“No, my father.”
Minnow had no idea why she was telling Angela this right now. Her own story had little bearing on anything. It was her private deal.
“I’m sorry. Did he survive?”
“He didn’t.”
The door opened, and a nurse and doctor burst in. By the looks on their faces, both seemed surprised to see Minnow.
“Ms. Crawford, how are you feeling today?” the doctor in scrubs asked.
“Everything hurts, but I guess that’s a good thing. It means I’m alive,” she said with a weak smile.
He looked at Minnow. “Your sister?” he asked.
Angela focused on Minnow, ice-blue eyes meeting her own and studying her face for a moment. “She could be, couldn’t she?”
“I’m Dr. Gray, with the university. I study sharks.”
The doc eyed her. “Could have fooled me. Anyhow, sorry to interrupt, but I want to do another scan, so I’m going to need to borrow the patient.”

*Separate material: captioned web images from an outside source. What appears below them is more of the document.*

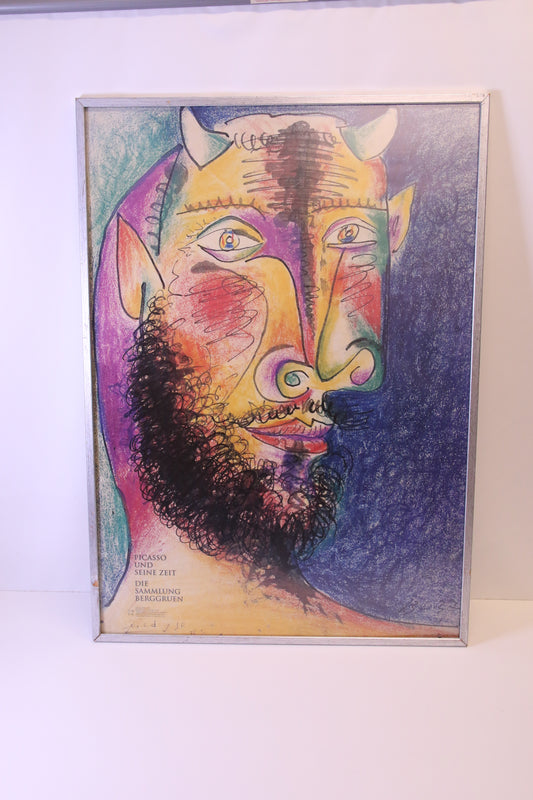 "Pablo Picasso" Kehystetty Näyttelyjuliste Minotaurin pää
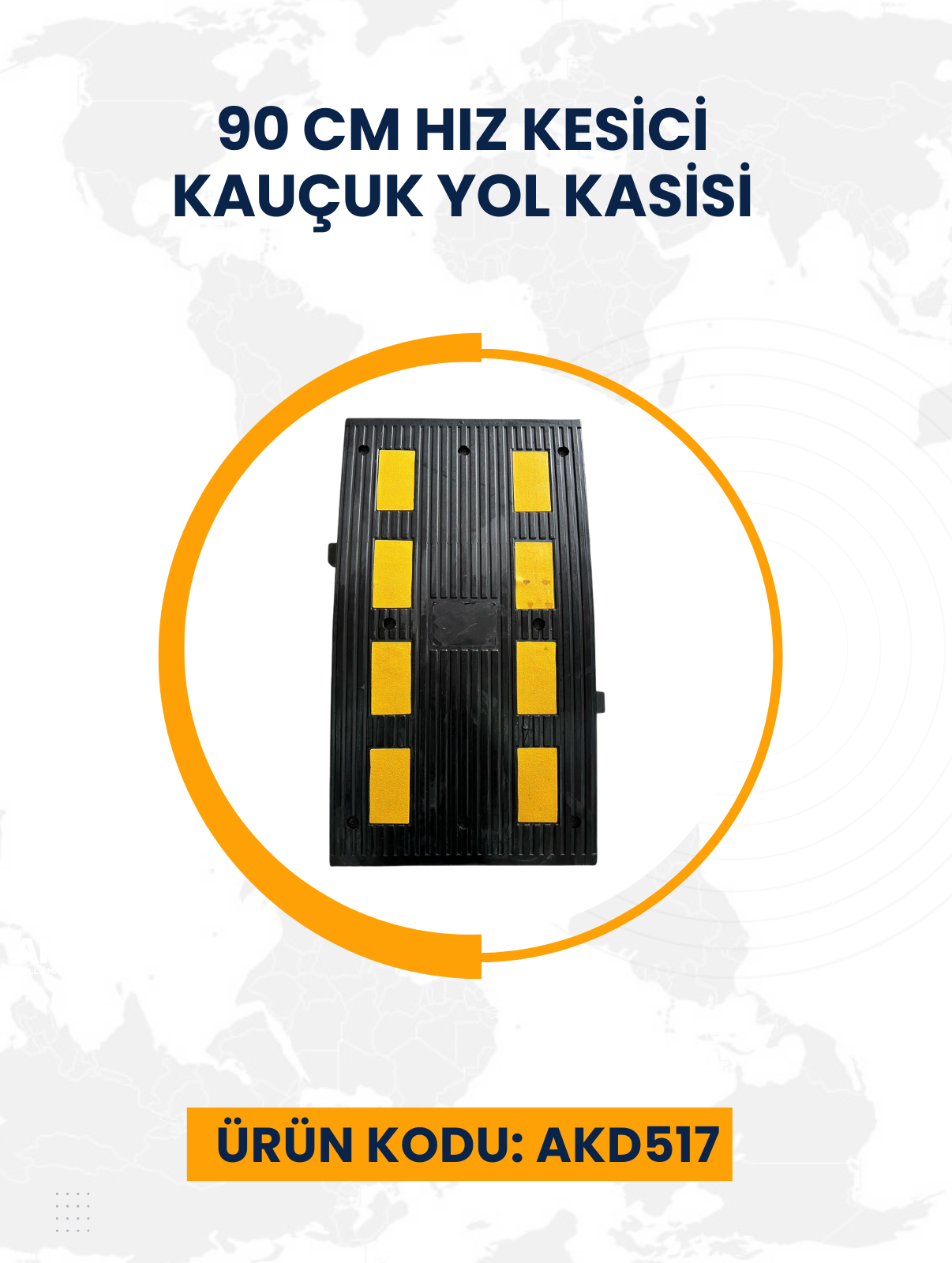 90 Cm Hız Kesici Kauçuk Yol Kasisi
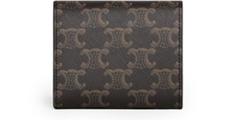 국내발송 셀린느 Small Triomphe wallet in Triomphe canvas 썸네일 3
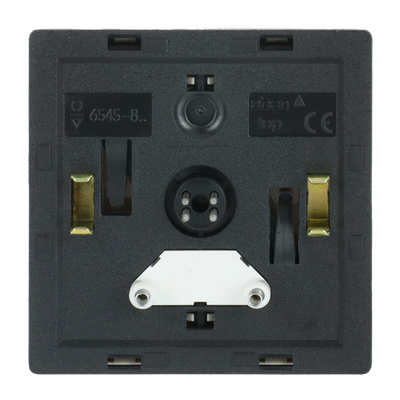 Control Element for Dimmer Two-part button with Neon lamp ivory white - Platform 63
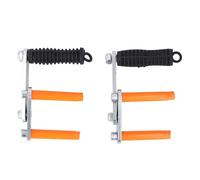 Panneau Clamp Carrier Tool de levage de tâches lourdes pour le carreau de verre sèche en contreplaqué 420 en acier inoxydable 115 kg Capacité de chargement 2pcs Ensemble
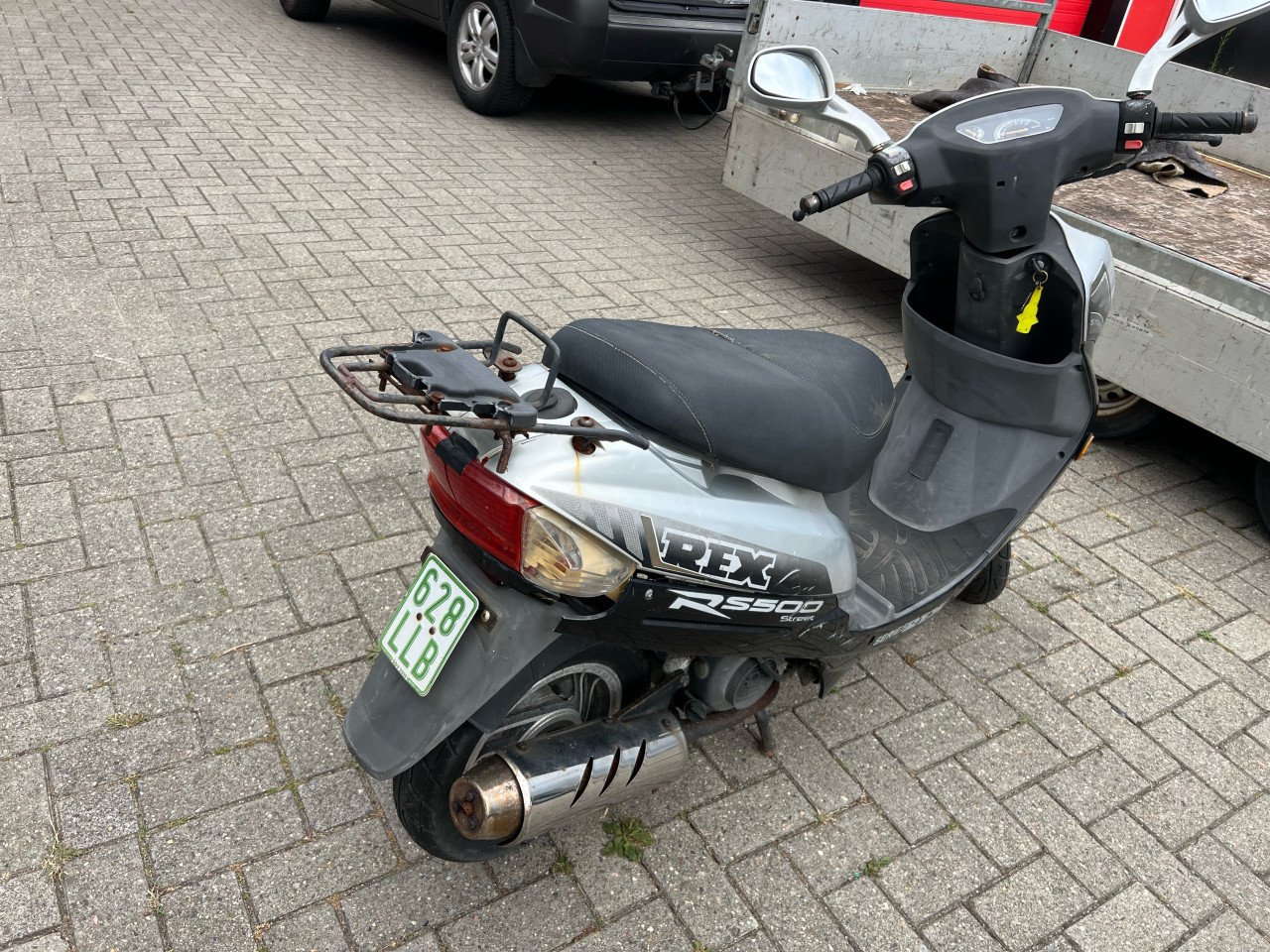 Scooters voor onderdelen of sleutelen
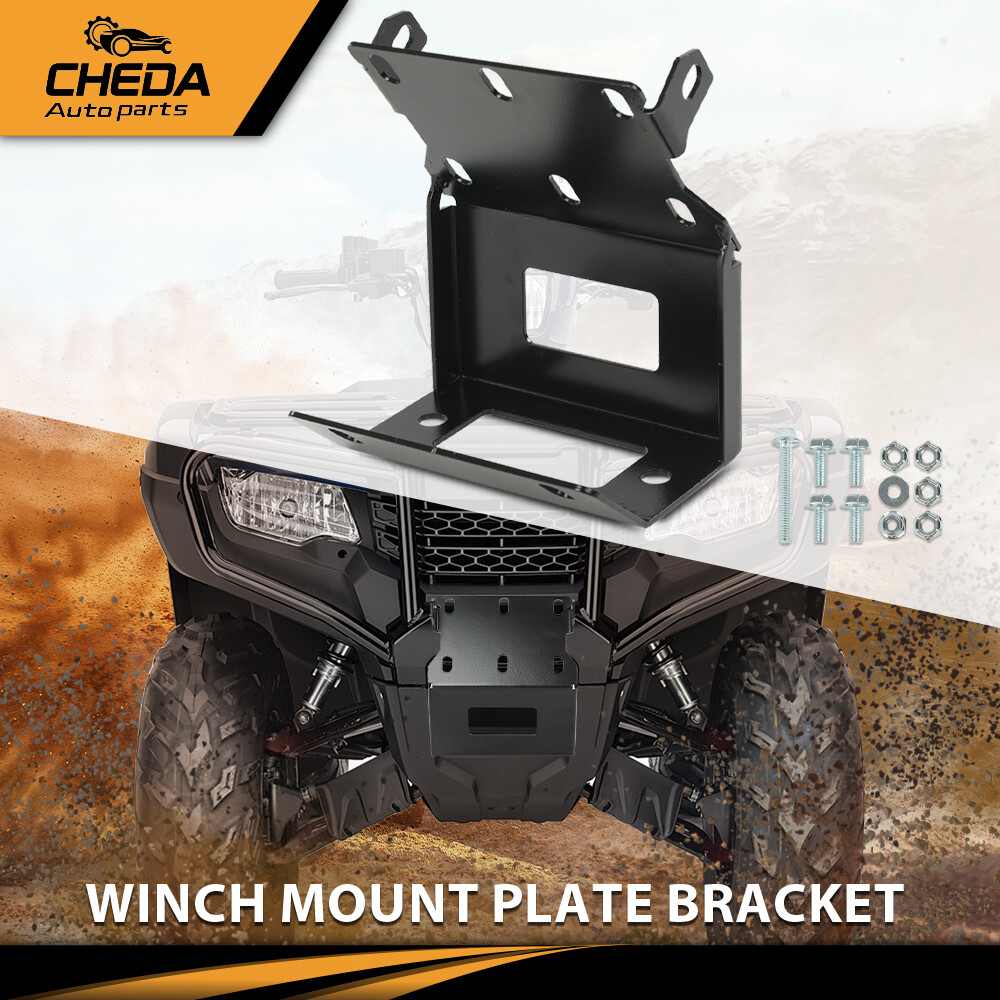 Winch Mount Plate Bracket Fit For ATV 2014-2022 Honda Foreman 500TRX FE/FM NEW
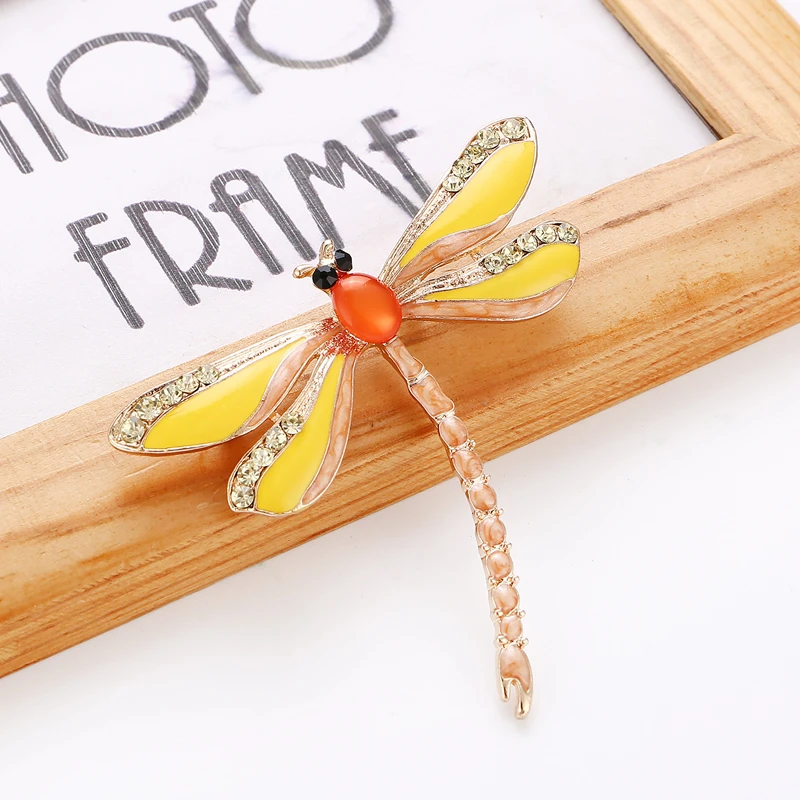 Женская эмалированная брошь с опалом | Украшения и аксессуары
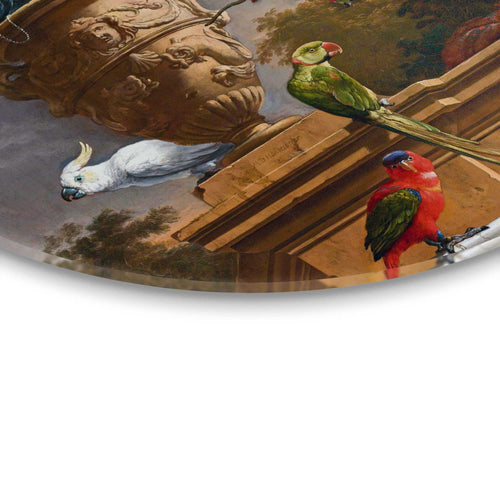 Reinders glasschilderij d'Hondecoeter - De Menagerie - Ø 50cm
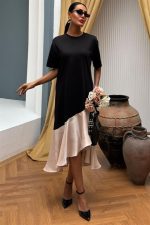 Volanlı Süprem Elbise 2864 - Görsel 2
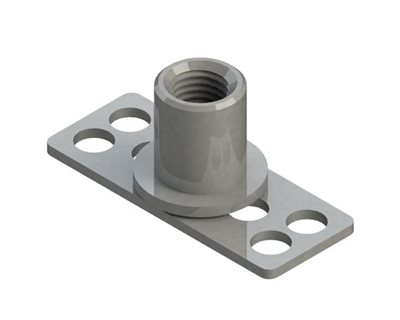 Gewindebuchsen, Geschlossen, 38 x 15mm Rechteckig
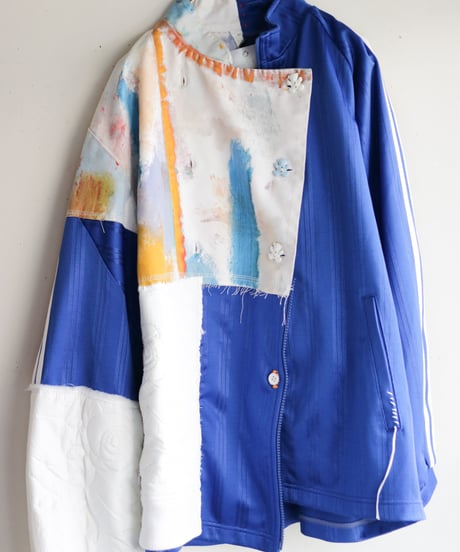 "純真異装交遊" pure and playful jersey, reconstructed from mix vintages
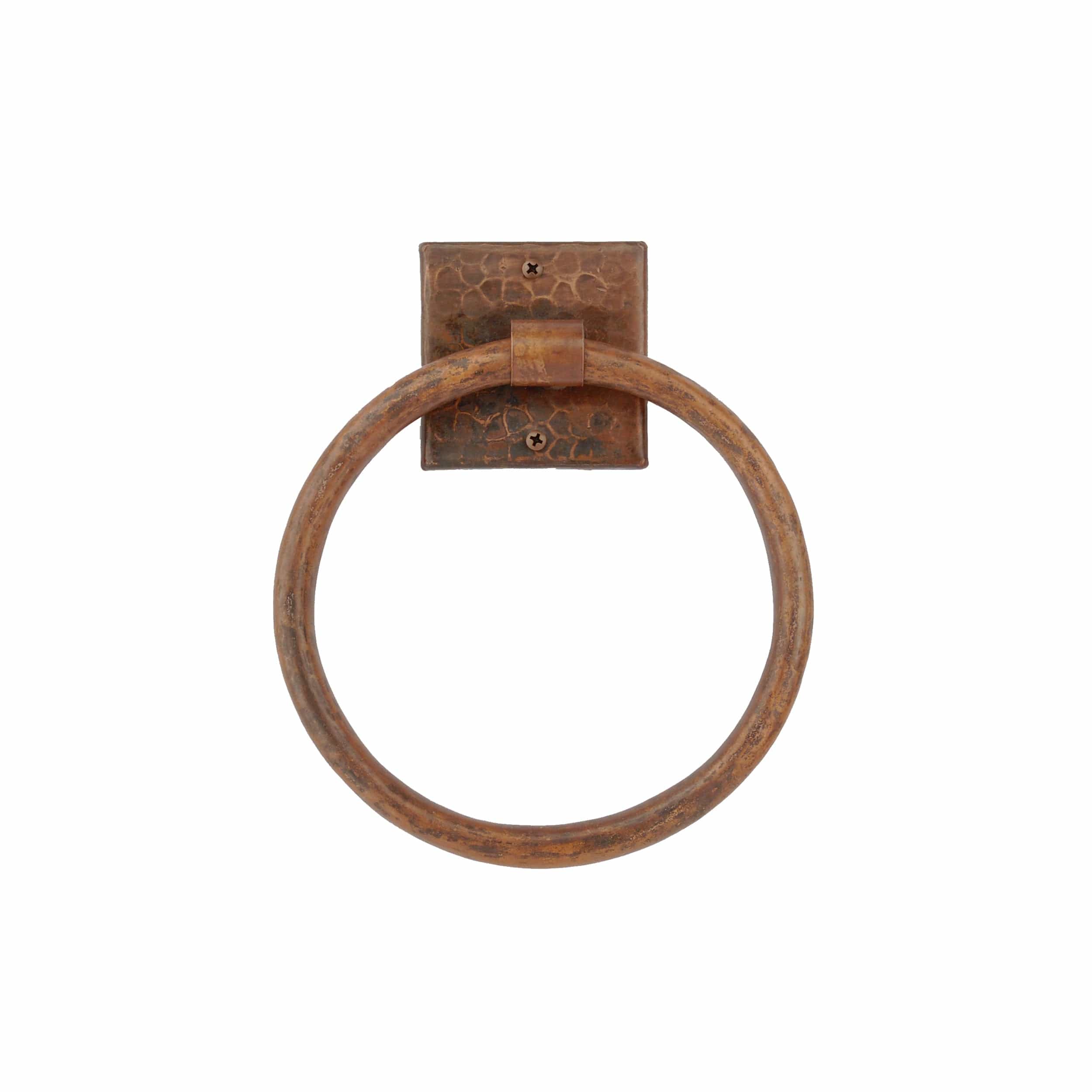 7″ Hand Hammered Towel Ring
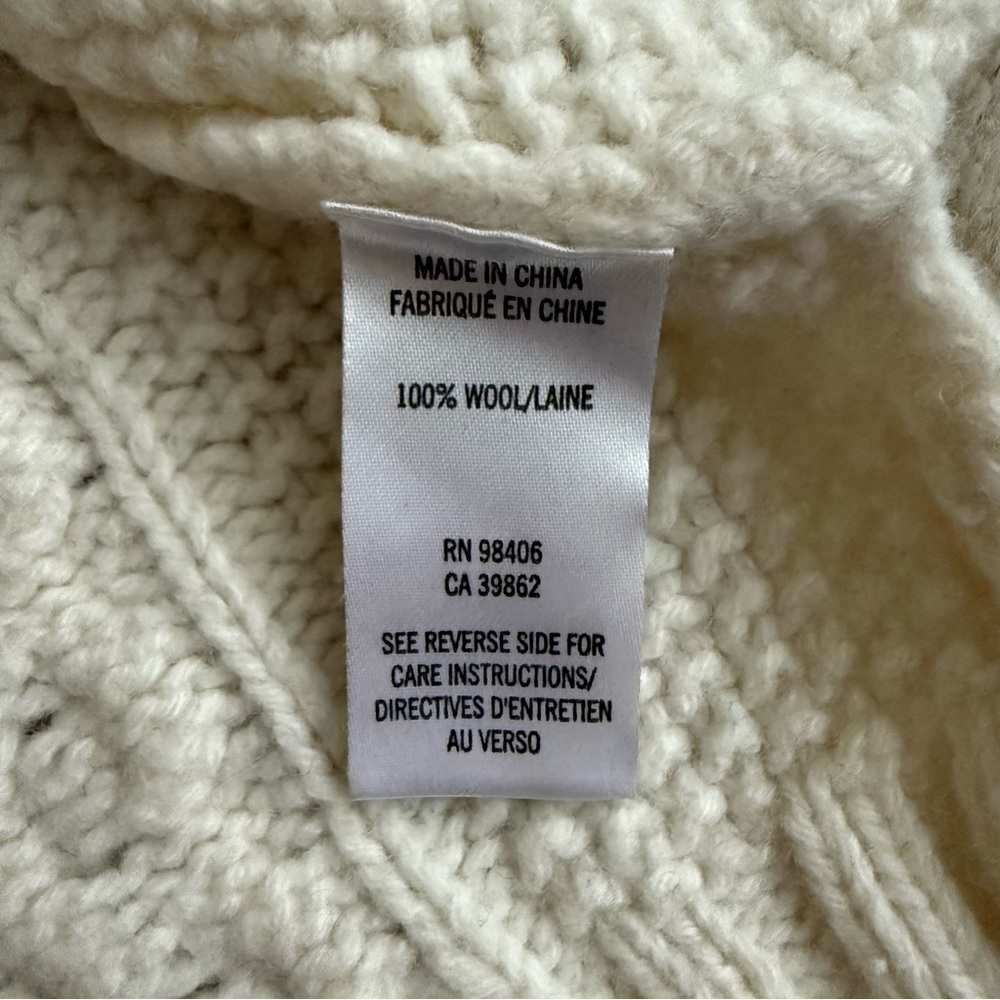 Theory Cream Cable Knit Sweater XS - Picture 4 of 6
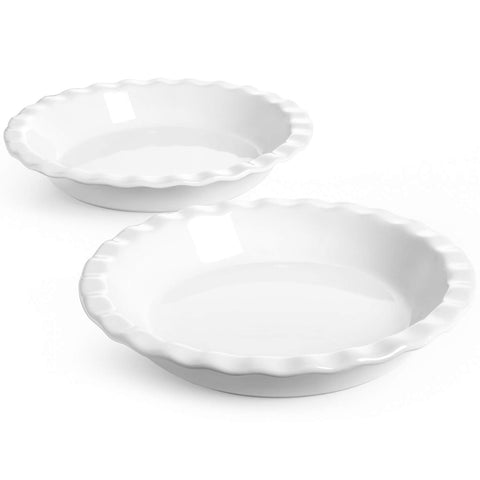 LE TAUCI ceramic pie pan with fluted edge for an even crust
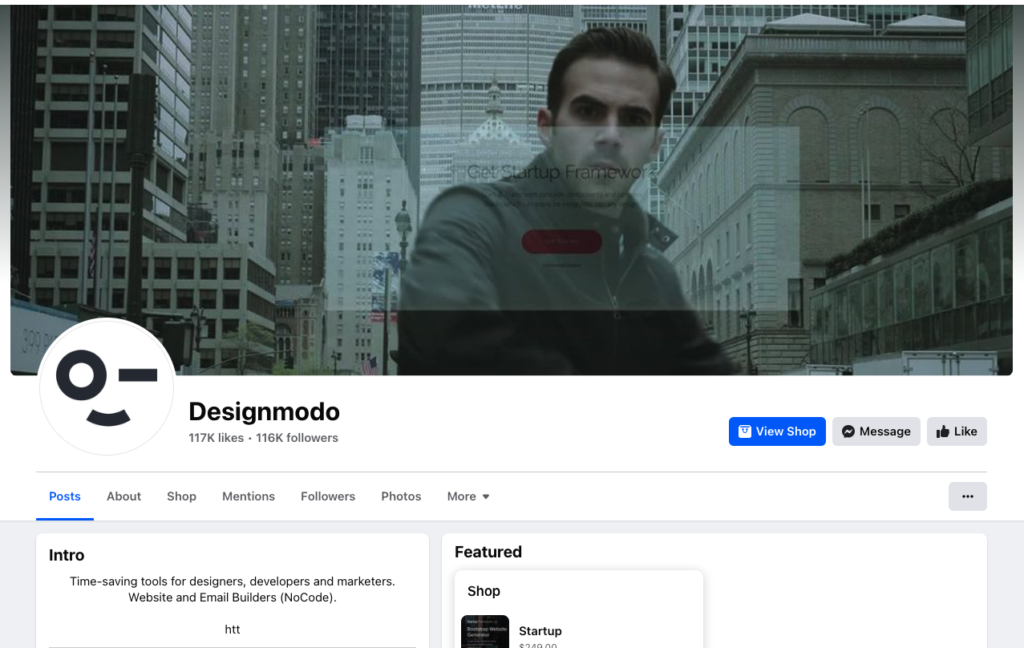 designmodo facebook page
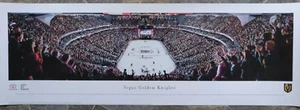 Vegas Golden Knights Panorama Poster T-Mobile Arena Inaugural Home Game NHL 2017 - Picture 1 of 5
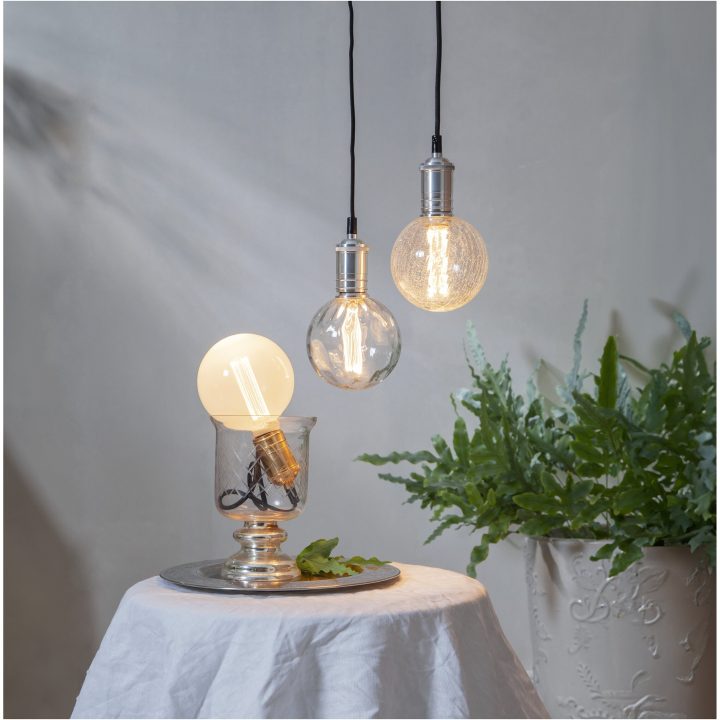 LED-pære E27 G125 Decoled New Generation Classic Hvid Star Trading – billede 2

“No problem. We’re pretty much done here,” Minnow said, relieved she didn’t have to get into her story with Angela.
“Actually, we aren’t, but that’s okay. Come back for the tooth tomorrow and we’ll finish,” Angela said. “Zach would have you sign a confidentiality paper, but I get the feeling I can trust you.”
“No offense, but I don’t care who you are, and I have no problem keeping it to myself.”
One side of Angela’s mouth curled up. “I knew it.”
Minnow said her goodbyes and limped out the door.
Journal Entry
From the journal of Minnow Gray
January 4, 1998
The dreams started the night my father died. Always underwater, always black-and-white. Not all of the dreams were bad. In fact, some were quite peaceful. But some made me wake up screaming in terror. Even caused me to run through the house and claw at the door, trying to break free. They haunted me. I remember the doc on the island saying they were just night terrors—lots of kids had them. My mom called bullshit on that as she took my hand and pulled me out the door. Her words stuck with me. “How many of those kids have witnessed their father bleed to death in the ocean from a shark attack?” she’d said.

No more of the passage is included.